Search code examples
pythondataframepyspark

Pyspark: filter dataframe based on list with many conditions


Suppose you have a pyspark dataframe df with columns A and B.
Now, you want to filter the dataframe with many conditions.

The conditions are contained in a list of dicts:

l = [{'A': 'val1', 'B': 5}, {'A': 'val4', 'B': 2}, ...]

The filtering should be done as follows:

df.filter(
( (df['A'] == l[0]['A']) & (df['B'] == l[0]['B']) )
&
( (df['A'] == l[1]['A']) & (df['B'] == l[1]['B']) )
&
...
)

How can this be done with l containing many conditions, i.e. a manual insertion into the filter condition is not practical?

I thought about using separate filter steps, i.e.:

for d in l:
    df = df.filter((df['A'] == d['A']) & (df['B'] == d['B']))

Is there a shorter or more elegant way of doing this, e.g. similar to using list comprehensions?
In addition, this does not work for ORs (|).


Solution

  • You could use your list of dictionaries to create a sql expression and send it to your filter all at once.

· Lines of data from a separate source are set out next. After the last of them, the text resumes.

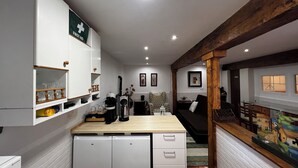 Cuina compacta amb armaris blancs, una cafetera i un refrigerador petit.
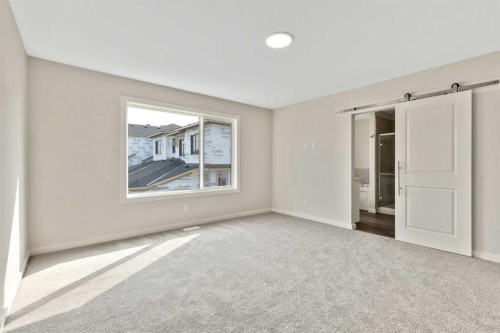 3 Heritage Link, Cochrane, AB - Indoor Photo Showing Other Room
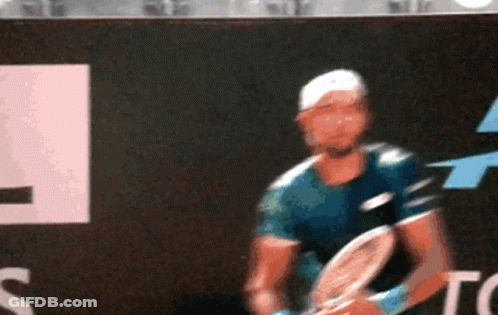 A Man Is Playing Tennis In Front Of A Top Sign GIF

    l = [{'A': 'val1', 'B': 5}, {'A': 'val4', 'B': 2}]
    df.show()
    
    #+----+---+
    #|   A|  B|
    #+----+---+
    #|val1|  5|
    #|val1|  1|
    #|val1|  3|
    #|val4|  2|
    #|val1|  4|
    #|val1|  1|
    #+----+---+
    
    df.filter(' or '.join(["A"+"="+"'"+d['A']+"'"+" and "+"B"+"="+str(d['B']) for d in l])).show()
    
    #+----+---+
    #|   A|  B|
    #+----+---+
    #|val1|  5|
    #|val4|  2|
    #+----+---+